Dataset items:
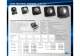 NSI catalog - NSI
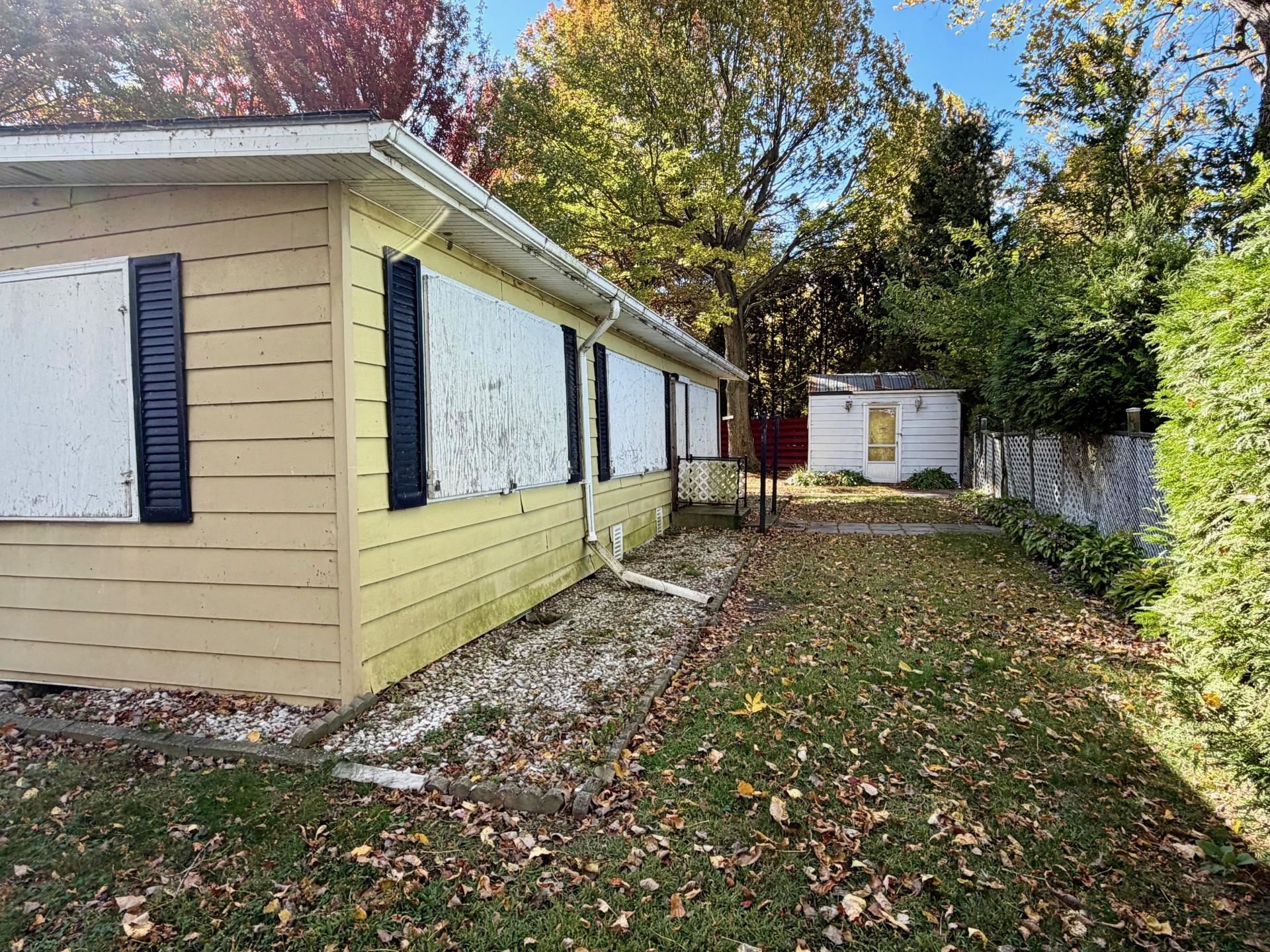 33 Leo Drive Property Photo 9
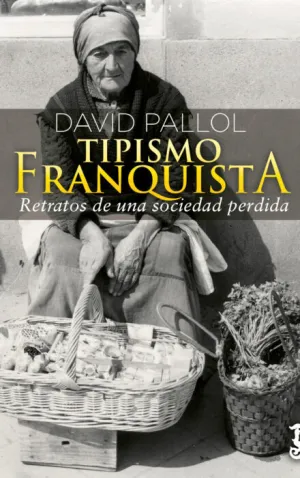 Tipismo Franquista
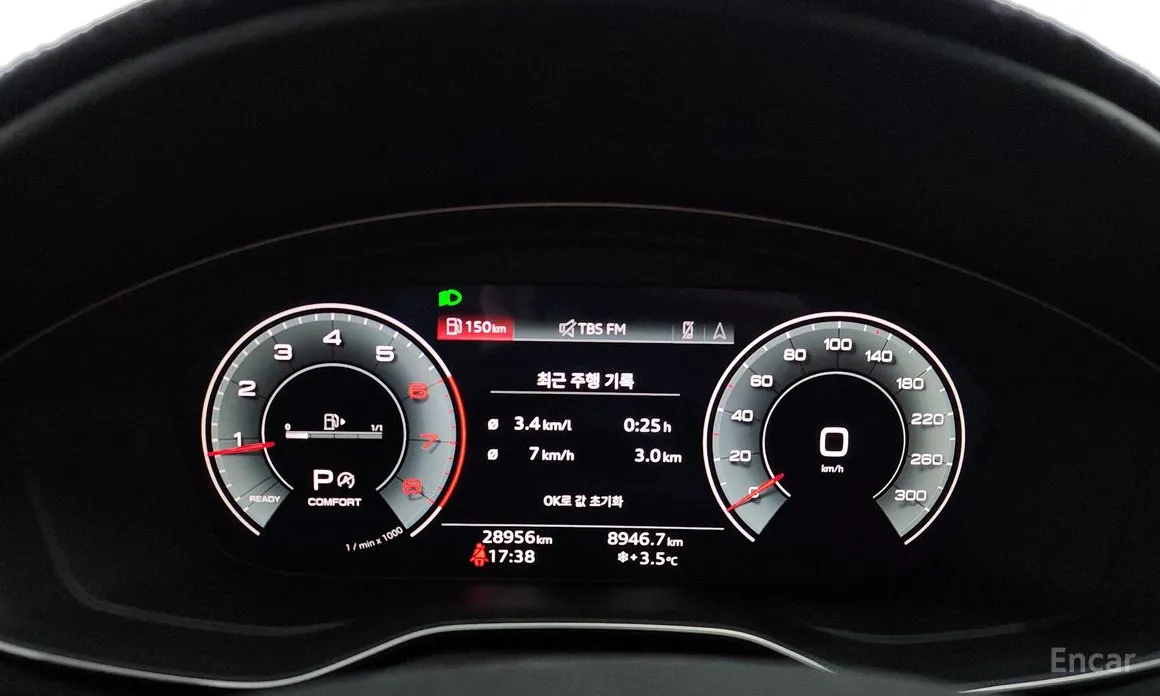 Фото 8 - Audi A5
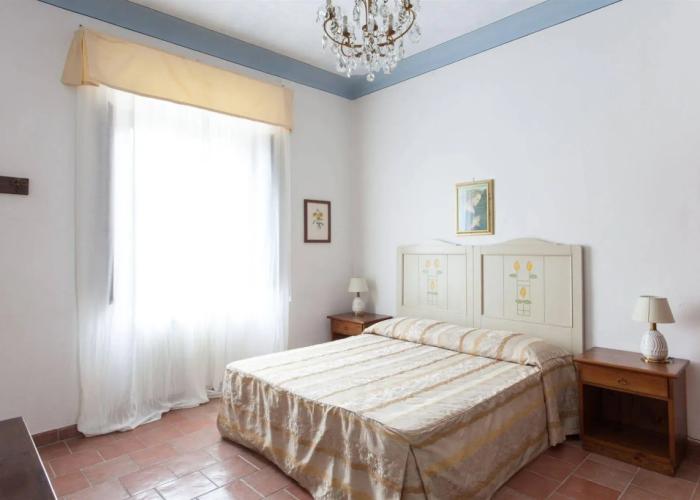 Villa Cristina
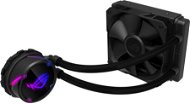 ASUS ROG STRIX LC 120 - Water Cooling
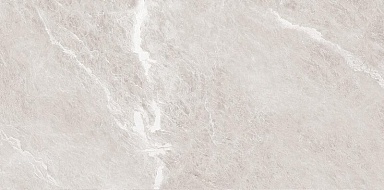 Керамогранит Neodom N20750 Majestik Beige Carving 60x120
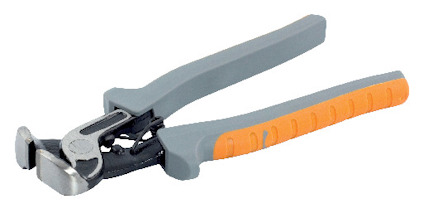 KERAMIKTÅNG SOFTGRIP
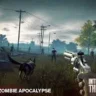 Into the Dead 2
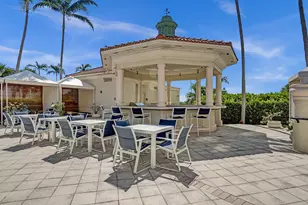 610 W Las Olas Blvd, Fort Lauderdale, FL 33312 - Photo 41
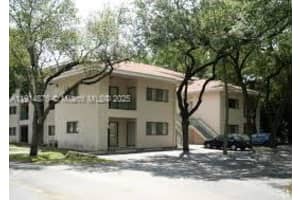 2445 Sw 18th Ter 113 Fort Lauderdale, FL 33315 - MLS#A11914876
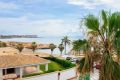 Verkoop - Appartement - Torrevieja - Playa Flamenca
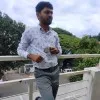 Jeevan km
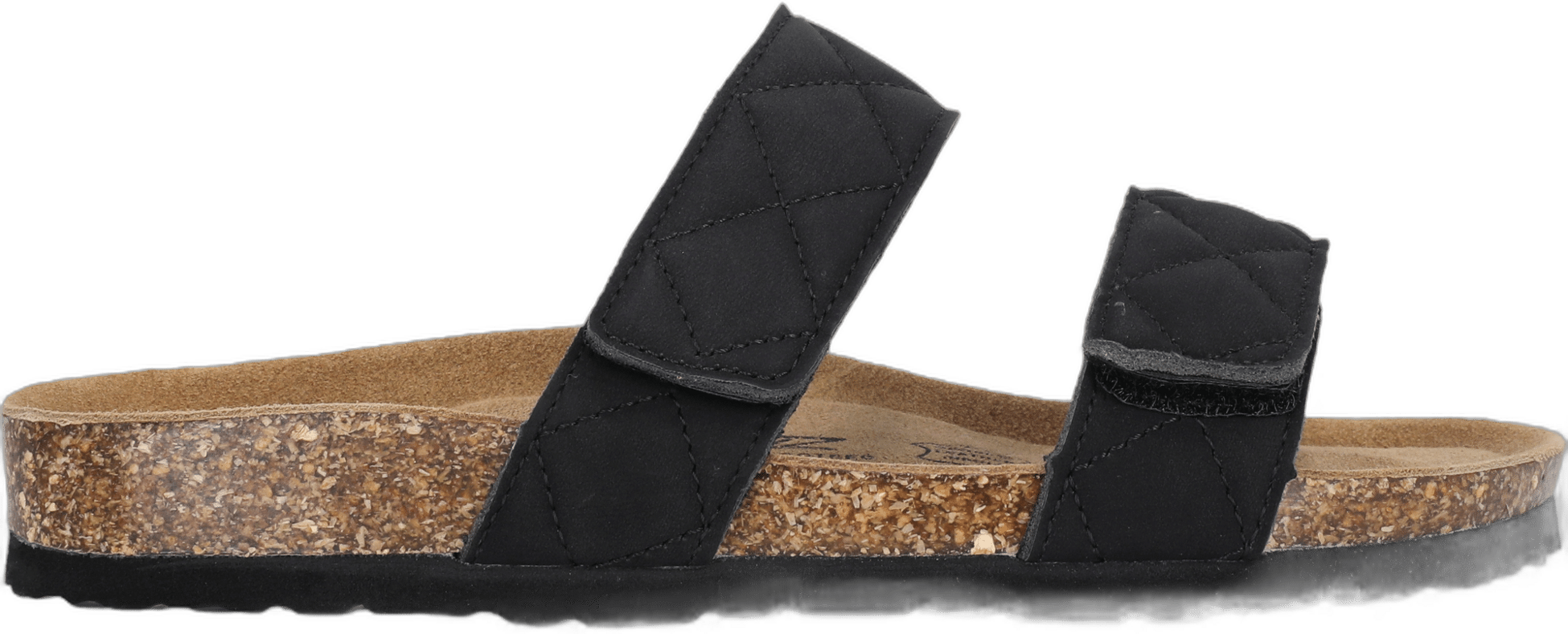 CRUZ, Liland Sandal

**TASK DETAILS**
The lines to return run from the line containing "ASUS ROG STRIX LC 120 - Water Cooling" through the last line of the records. Give them exactly, omitting pictures.

**OUTPUT FOR THIS TASK**
 ASUS ROG STRIX LC 120 - Water Cooling
 Керамогранит Neodom N20750 Majestik Beige Carving 60x120
 KERAMIKTÅNG SOFTGRIP
 Into the Dead 2
 610 W Las Olas Blvd, Fort Lauderdale, FL 33312 - Photo 41
 2445 Sw 18th Ter 113 Fort Lauderdale, FL 33315 - MLS#A11914876
 Verkoop - Appartement - Torrevieja - Playa Flamenca
 Jeevan km
 CRUZ, Liland Sandal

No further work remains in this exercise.